Palm Sunday: An Autobiographical Collage
- First edition cover
- Author: Kurt Vonnegut
- Language: English
- Publisher: Delacorte Press
- Publication date: March 1, 1981
- Publication place: United States
- Media type: Print (Hardcover, Paperback)
- Pages: 330
- ISBN: 0-440-06593-3
- OCLC: 727804010

= Palm Sunday (book) =

1981 collection of previously unpublished works by Kurt Vonnegut Jr.

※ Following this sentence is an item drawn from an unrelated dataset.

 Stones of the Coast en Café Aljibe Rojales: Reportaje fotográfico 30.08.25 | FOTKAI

Palm Sunday: An Autobiographical Collage is a 1981 collection of short stories, speeches, essays, letters, and other previously unpublished works by Kurt Vonnegut. The collection provides insight into Vonnegut's thoughts on various subjects, including writing, war, and his own literary career. The book is known for its eclectic mix of genres and personal reflections.

==Overview==
Palm Sunday is a self-described "autobiographical collage" that showcases Vonnegut's versatility as a writer. It contains a mix of fiction and non-fiction, including short stories, speeches, essays, letters, and a sermon. The collection is notable for its exploration of themes such as free thought, war, and the role of the writer in society. Vonnegut also reflects on his own works and grades them based on his personal assessment.

==Contents==
The collection includes the following pieces, written by Vonnegut unless otherwise noted:
- "Dear Mr. McCarthy" (letter)
- "Un-American Nonsense" (essay)
- "God's Law" (speech)
- "Dear Felix" (letter)
- "An Account of the Ancestry of Kurt Vonnegut, Jr, by an Ancient Friend of His Family" (formal essay by John G. Raunch)
- "What I Liked About Cornell" (speech)
- "When I Lost My Innocence" (essay)
- "I Am Embarrassed" (speech)
- "How to Write with Style" (essay)
- Self-interview from The Paris Review
- "Who in America is Truly Happy?" (essay)
- "Something Happened" (review of Joseph Heller's novel Something Happened)
- "The Rocky Graziano of American Letters" (speech)
- "The Best of Bob and Ray" (introduction to a book by Bob Elliott and Ray Goulding)
- "James T. Farrell" (funeral speech)
- "Lavina Lyon" (funeral speech)
- "The Class of '57" (song lyrics by Don and Harold Reid of the Statler Brothers)
- "The Noodle Factory" (speech)
- "Mark Twain" (speech)
- "How Jokes Work" (commencement address)
- "Do Not Mourn!" (funeral speech by Clemens Vonnegut, written for his own funeral)
- "Thoughts of a Free Thinker" (commencement address)
- "William Ellery Channing" (speech)
- "The Big Space Fuck" (short story, originally published in Again, Dangerous Visions)
- "Fear and Loathing in Morristown, N.J." (speech)
- "Dear Mr. X" (letter by Nanette Vonnegut)
- "Jonathan Swift" (rejected introduction to a new edition of Gulliver's Travels)
- "The Chemistry Professor" (treatment for a musical comedy based on Dr Jekyll and Mr Hyde)
- "Louis-Ferdinand Céline" (introduction to paperback editions of Céline's last three novels)
- "Dresden Revisited" (introduction to a new edition of Slaughterhouse-Five)
- "Flowers on the Wall" (song lyrics by Lew DeWitt of the Statler Brothers)
- "Palm Sunday" (sermon)

==Grades==
In Chapter 18, titled "The Sexual Revolution," Vonnegut grades his own works, emphasizing that the grades are a personal comparison rather than a placement in literary history. The grades are as follows:
- Player Piano: B
- The Sirens of Titan: A
- Mother Night: A
- Cat's Cradle: A+
- God Bless You, Mr. Rosewater: A
- Slaughterhouse-Five: A+
- Welcome to the Monkey House: B−
- Happy Birthday, Wanda June: D
- Breakfast of Champions: C
- Wampeters, Foma and Granfalloons: C
- Slapstick: D
- Jailbird: A
- Palm Sunday: C

==Reception==
Palm Sunday was well-received for its candid and varied content, offering readers a unique insight into Vonnegut's mind and his views on literature, society, and his personal experiences. The collection has been praised for its humor, wit, and the seamless blending of different literary forms.